Saturday, February 28, 2009

Charlestown Chiefs Here I Come.....

Tonight I am making my second minor pro hockey debut out of New Jersey men's league. That's right, tonight I will be playing for the Danbury Mad Hatters of the Eastern Professional Hockey League (EPHL). Ned Braden how I feel thy pain. Besides the comedic value of the situation, it really is a mixed bag of feelings tightening up the chinstrap again and hitting the ice in a competitive game.

Last year I played a few games with the Valley Forge Freedom of the Mid Atlantic Hockey League and it was a similar situation. Playing division I hockey for the Air Force Academy Falcons hockey team was the culmination and realization of a life's worth of work and dedication, and I wouldn't have traded it for the world. Between the world class people involved, the high level of competition, and the experiences that I went through it truly was one of the highlights of my life. With the commitment to the Air Force Academy came a commitment of a 5 year active duty service commitment upon graduation. What does that mean for a division I athlete? Well it basically means that professional hockey is out of the question. If you don't believe me google Army Football and Draft and read about how Caleb Campbell was drafted and ordered not to attend the NFL training camp a day before it started. For someone like myself whose draft status waved goodbye quite along time ago the chance of playing professional was even more slim. This didn't really bother me too much because I never really thought I had a chance of playing professionally. It was always my dream to play division I hockey and I achieved that dream. Looking back on my lifelong hockey career and knowing what I know now, I wish it would have been my dream to play professionally. Who knows if I could have accomplished it, however I know now that I was in essence holding myself back by writing off that dream a long time ago. One of my best friends and fellow linemate for many years always held onto the professional dream and never looked back, he is now playing for the Buffalo Sabres.

But you already said you will be making your minor pro debut for the second time tonight? Doesn't that mean you did achieve the goal of playing professional hockey? Well, I guess to a hockey outsider it could look that way. And truthfully these two experiences do help ease some of the pain of not knowing what could have been had I attended a different division I program. But I like to tell people that any "professional" league that has to remind people that they are professional by adding it within the title of the league, probably isn't a league I personally would consider professional. I guess it meets the bare minimum standard of paying people to play hockey, but the MAHL (now defunct from the area and moved to the Midwest) didn't have too many things about it that I would classify as professional.

The MAHL had some talent. The games were a good tempo and surprisingly (as well as thankfully) the league wasn't a total gong show with a fights every two seconds. However, there were plenty of low end guys in the league that wouldn't have made my junior A hockey team and there were a few that in my opinion probably should have taken two weeks off and quit for good. But like everything else in my life it was a great experience and one I learned from.
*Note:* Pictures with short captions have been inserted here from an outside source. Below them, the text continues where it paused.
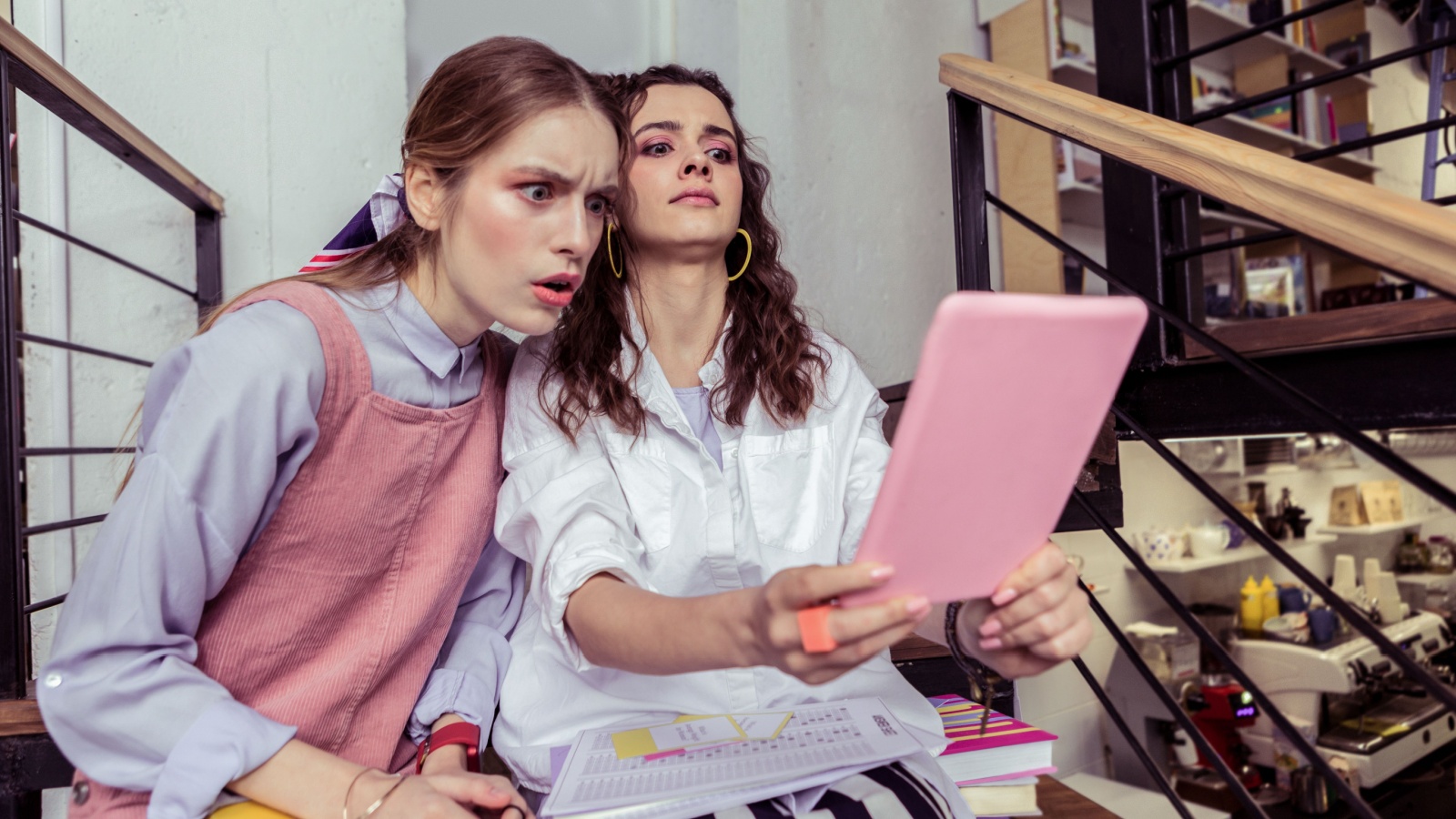 Girls being terrified. Terrified and scared girls being confused with information on tablet and looking unbelievably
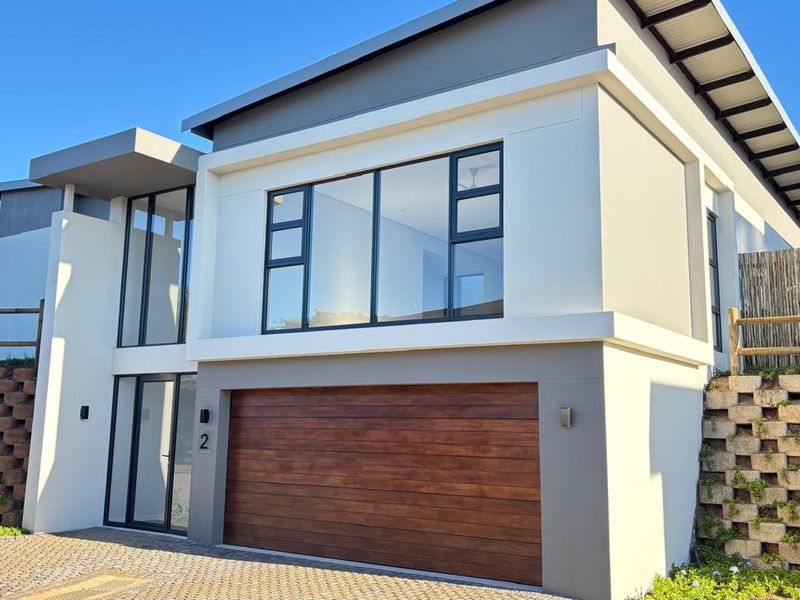 Modern double-storey townhouse featuring a contemporary facade, timber-look garage door, large aluminium windows, and a paved driveway with integrated retaining walls.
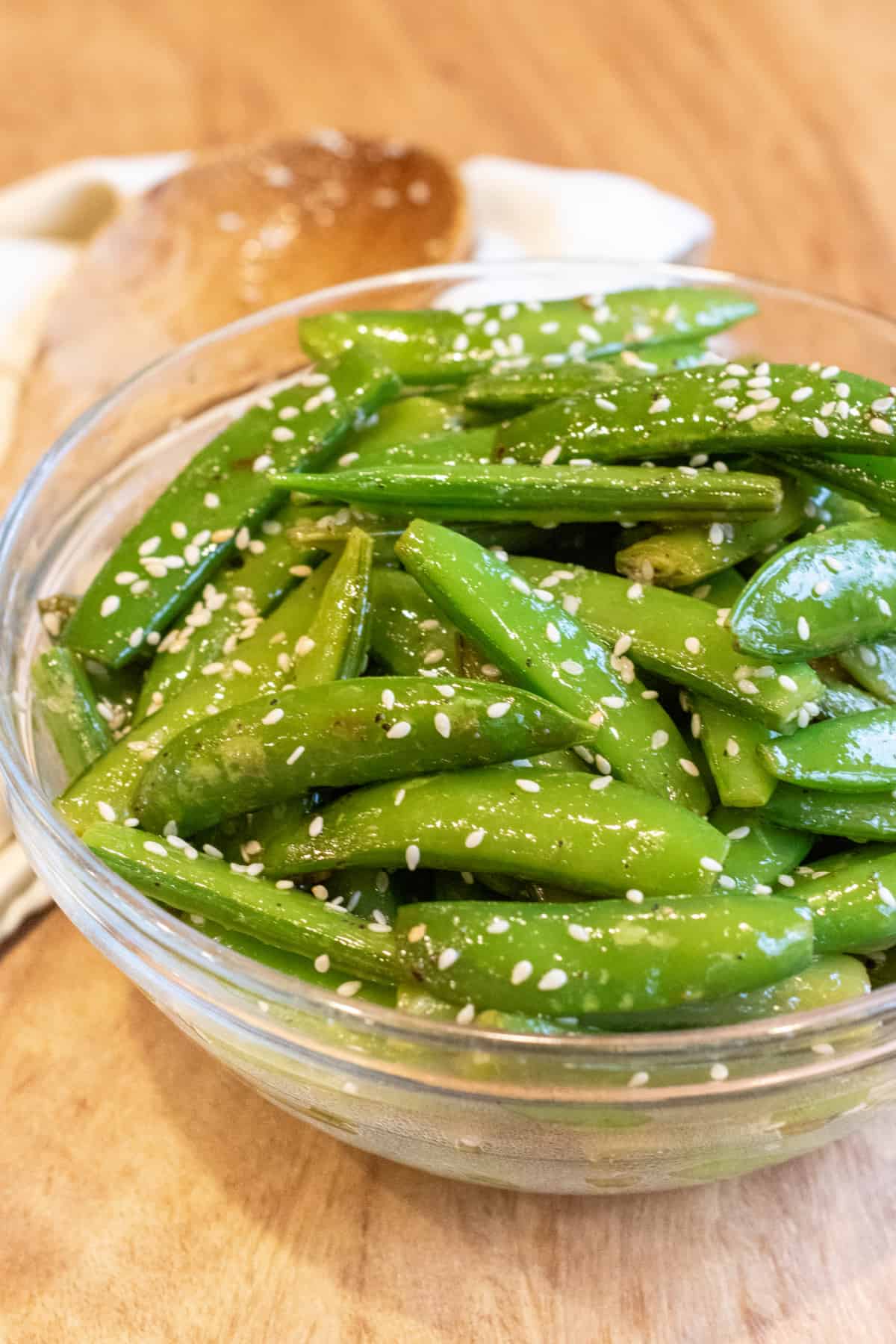 a bowl of sesame seed covered cooked sugar snap peas.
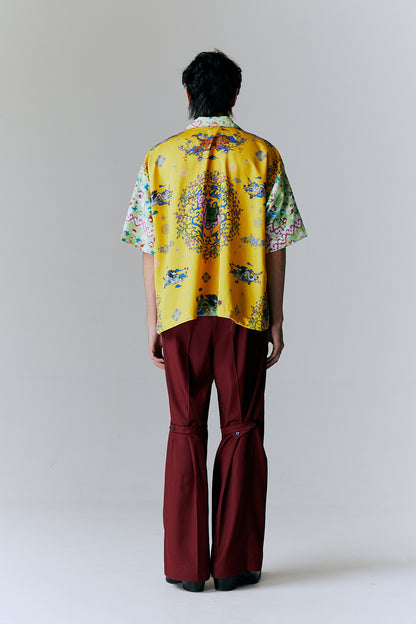 Person wearing a bright yellow floral shirt and burgundy pants on a plain background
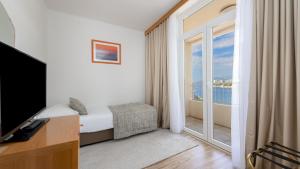 TV a/nebo společenská místnost v ubytování Hotel Splendid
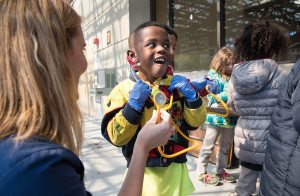 Rehab nurse manager Melissa Figueroa shows USF Patel Partnership first grader Malachi, 6, how to listen to his heart using a stethoscope.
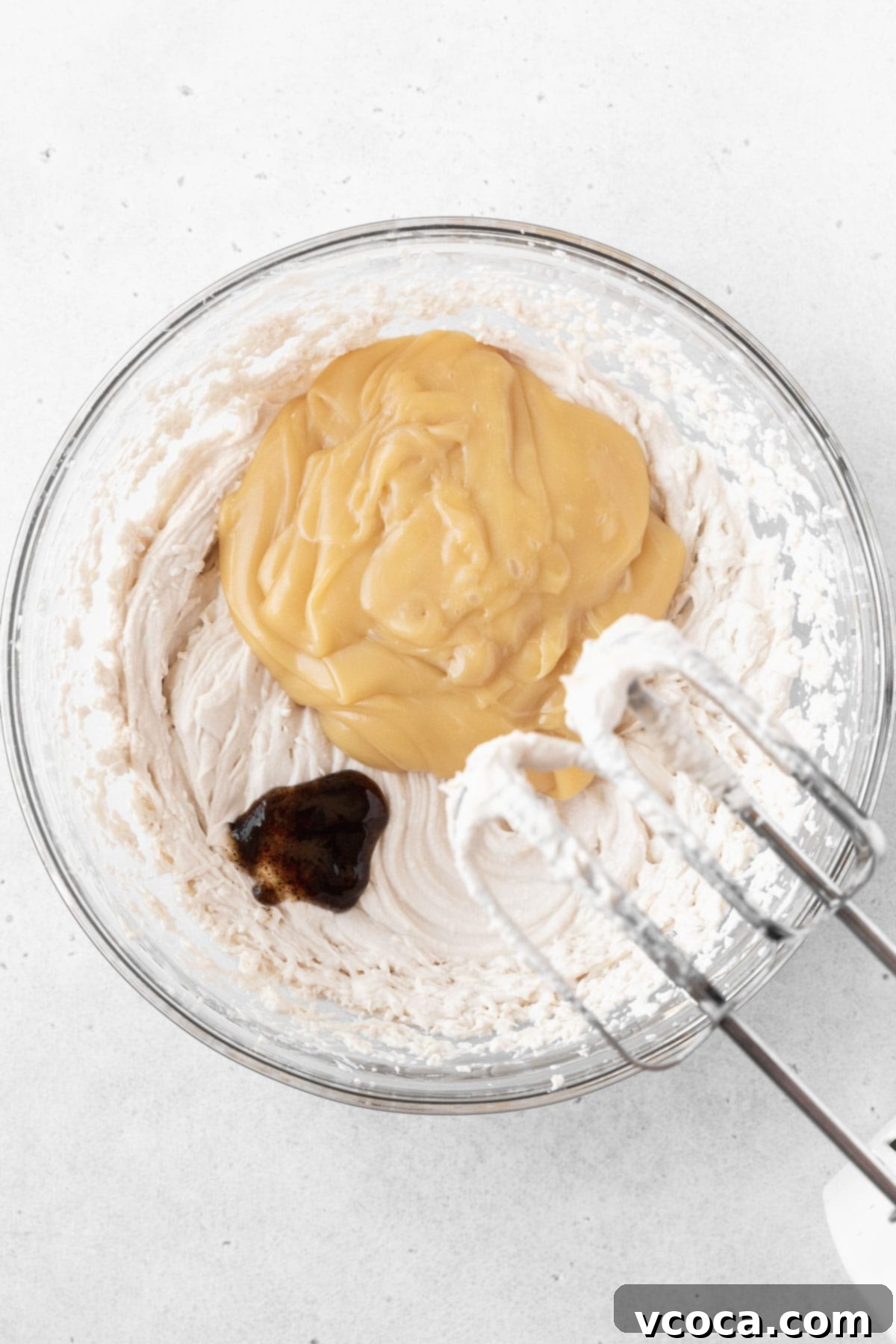 Guilt-Free Frozen Indulgence 11 Adding the sweetened condensed oat milk and vanilla to the glass mixing bowl.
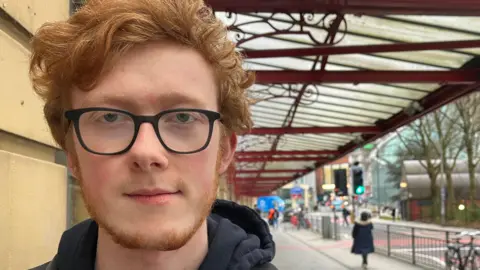 A close-up of Daniel, a young ginger-haired man with facial hair, looking at the camera with a neutral expression. He wears dark-framed glasses and a dark hoodie. Stretching into the distance above him is the metal and glass canopy sticking out from a train station wall. Blurred to the right of him is a section of pavement, railings and road, with a number of pedestrians walking along.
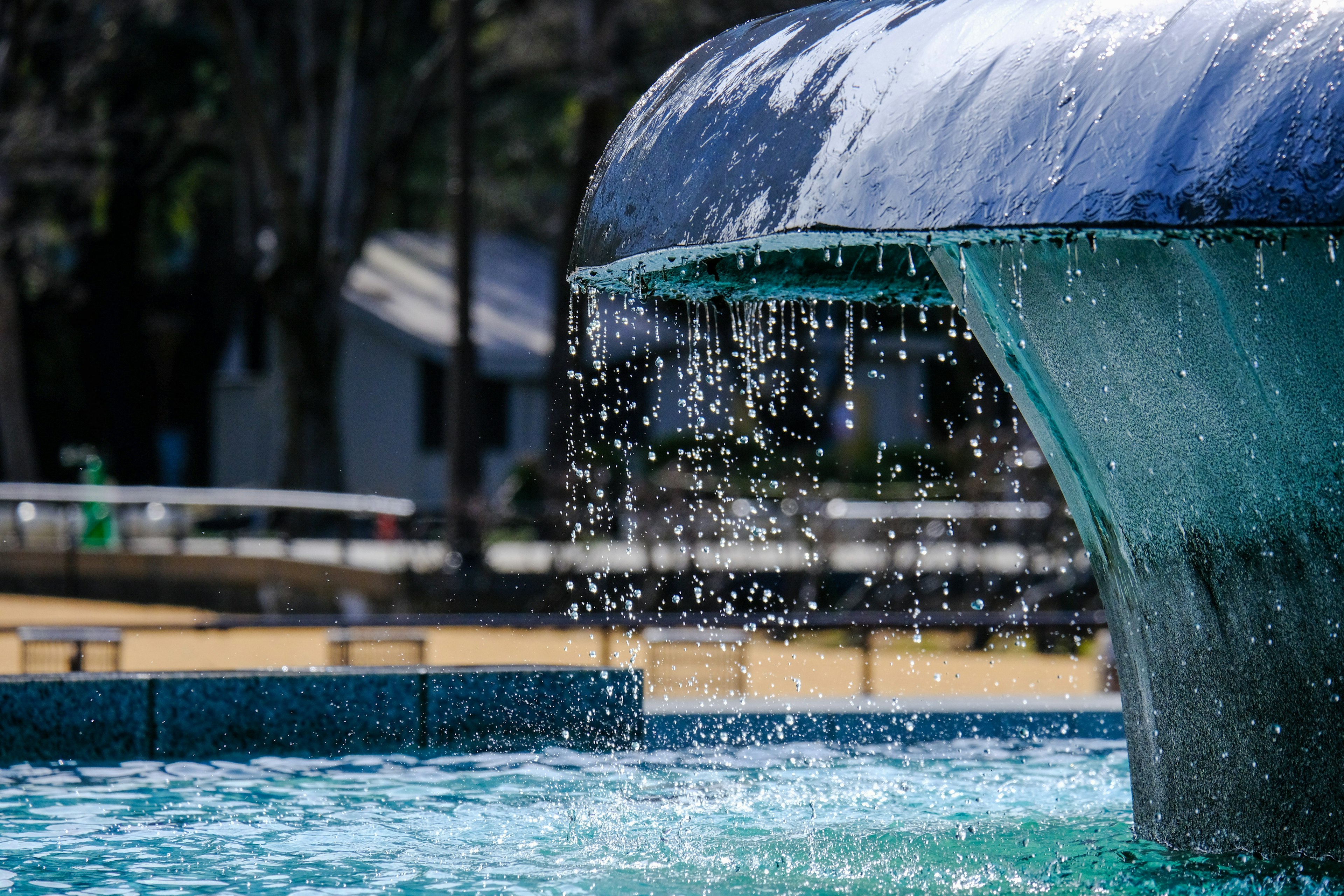 Close-up of a beautiful fountain with cascading water sparkling in sunlight over blue tiles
Which is why I am heading out tonight.

Here are some quick life lessons and tidbits I learned from my last stint in semi pro hockey:

- Competition is great. Real competitors always crave it and seek it out in most things they do.

- Ego is a funny thing. I have always wanted to be good enough. Not for anyone else, but for me. However you have to keep things in perspective.

- Speaking of perspective, my experience in the MAHL was great to help me hone mine. I was probably the only guy in the league with an actual career. I told the coach upfront no practice, no road games and that if they need a guy to fill in I am here. They said that was fine and so I always kind of felt like an outsider to the whole lifestyle and experience. Some of these kids seriously think they are going to play in the NHL. On one hand I respect anyone who sticks to a dream and never quits. But like I said before you need perspective. Here I am coming out of a year and a half of beer league hockey a few times a week and stepping in getting a point or two a game. These kids are practicing every day, making $100 a week living with 5 guys in a hotel room, and I am thinking to myself "wow that 5 year active service commitment is hurting a little less right now.:

- As great as competition is, it doesn't not quench the thirst of a true competitor without the addition and joy of playing on a true team. These semi pro settings seem more like a glorified men's league with guys rotating in and out than a true team. Nothing can replace the feeling of having 25 driven, overachieving, word class human beings by your side all working towards a common goal.

- Just have fun. As someone who wants to succeed and achieve my goals and expectations, I am very susceptible to placing a lot of pressure and undue stress on myself. Sometimes I just need to concentrate on having fun and trusting in my ability. Life is a balance.

- When you keep your goals and long term vision of your life in your sights then everything happens for a reason. Setbacks and unforeseen twists and turns are just new chapters in your life that serve that ultimate vision. Put your head down and skate and have faith that you will end up exactly where you should end up.